O Enem e a surdez
Adriano Vizoni/Folhapress | ||
Primeiro dia de provas do Enem em São Paulo |
Suscitou alguma celeuma o tema deste ano para a redação do Exame Nacional do Ensino Médio (Enem): "Desafios para a formação educacional de surdos no Brasil". Não se trata decerto de um assunto corriqueiro, mas tampouco se afigura impossível de desenvolver.
Aqueles que criticam o Instituto Nacional de Estudos e Pesquisas Educacionais (Inep) por alegado excesso de dificuldade deveriam ler com mais atenção o caderno de questões. Havia ali elementos suficientes para redigir um texto.
Eram quatro os itens oferecidos: norma legal sobre o dever de prover educação à pessoa com deficiência; gráfico de queda no número de matrículas de surdos; anúncio sobre preconceito no mercado profissional; e trecho sobre o reconhecimento oficial da Língua Brasileira de Sinais (Libras).

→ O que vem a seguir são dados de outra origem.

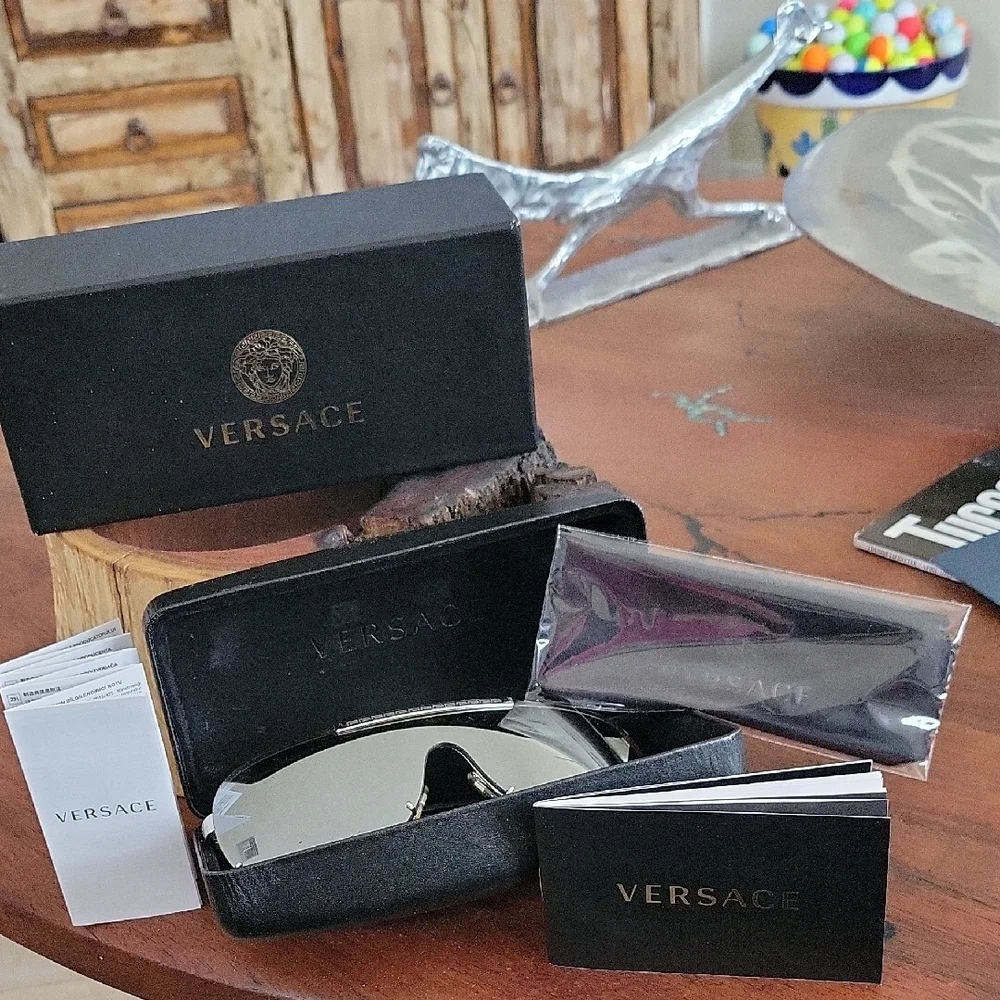 Versace Silver Metal Sheild Sunglasses, Mirror Lens VE2140 - Picture 2 of 10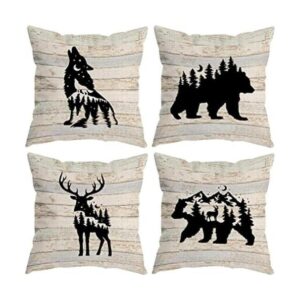 HUYAW Woodland Juego de 4 fundas de almohada de_1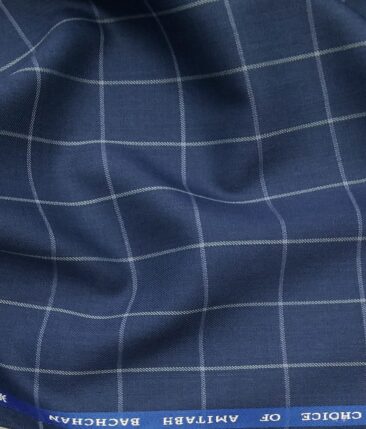 OCM Men's White Checks 45% Merino Super 100's Wool Unstitched Suiting Fabric (Royal Blue)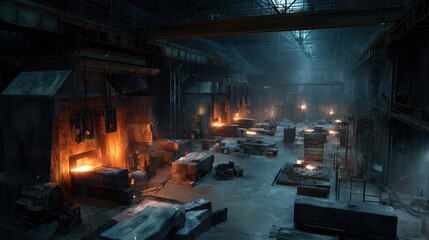 create a cyberindustrial depiction of a forge in a dystopian manufacturing hub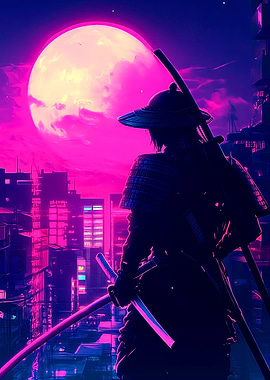 Samurai Cyberpunk Cityscape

Com esse instrumental —e a capacidade indispensável de interpretação—, é possível elaborar ao menos uma exposição básica. Mostra-se frágil o argumento de que o examinado teria de possuir conhecimento prévio do assunto.
A escolha do tema constituiu modo mais inteligente de abordar um debate relacionado a políticas inclusivas sem descambar para os exageros do politicamente correto.

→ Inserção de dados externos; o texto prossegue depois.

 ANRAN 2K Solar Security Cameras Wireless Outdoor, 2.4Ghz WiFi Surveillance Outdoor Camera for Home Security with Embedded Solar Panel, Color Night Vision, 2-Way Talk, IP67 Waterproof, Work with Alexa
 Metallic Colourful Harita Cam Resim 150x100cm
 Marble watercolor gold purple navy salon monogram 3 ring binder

Entre estes está a norma do Inep, cuja aplicação acabou barrada pelo Judiciário, que mandava dar nota zero para redações que desrespeitem os direitos humanos.
A cláusula abusiva, ao lado de cercear a liberdade de expressão, daria enorme margem a interpretações subjetivas por parte dos corretores. Mesmo a permanência de tal critério entre as cinco competências avaliadas abre brecha para decisões questionáveis.
Suponha-se que uma redação argumente de modo claro que surdos devem ser educados em estabelecimentos especiais. A proposta destoa dos avanços obtidos com a política atual de inclusão, e um examinador pode apressar-se a reprová-la —com o que estará apenas censurando uma opinião, não avaliando a qualidade do texto.
A análise ficaria ainda mais nebulosa em casos de temas tão divisivos quanto o direito ao aborto, a repressão ao narcotráfico ou a pena de morte. Ainda que haja bom senso na correção, restará inevitável insegurança entre os estudantes a respeito do que estão ou não autorizados a escrever.
Ninguém deve ser punido por manifestar opiniões ou esposar valores somente porque se desviam do pensamento dominante. Ouça-se a lição dos surdos em defesa da Libras: liberdade e respeito há em poder falar como se escolhe, não como outros mandam.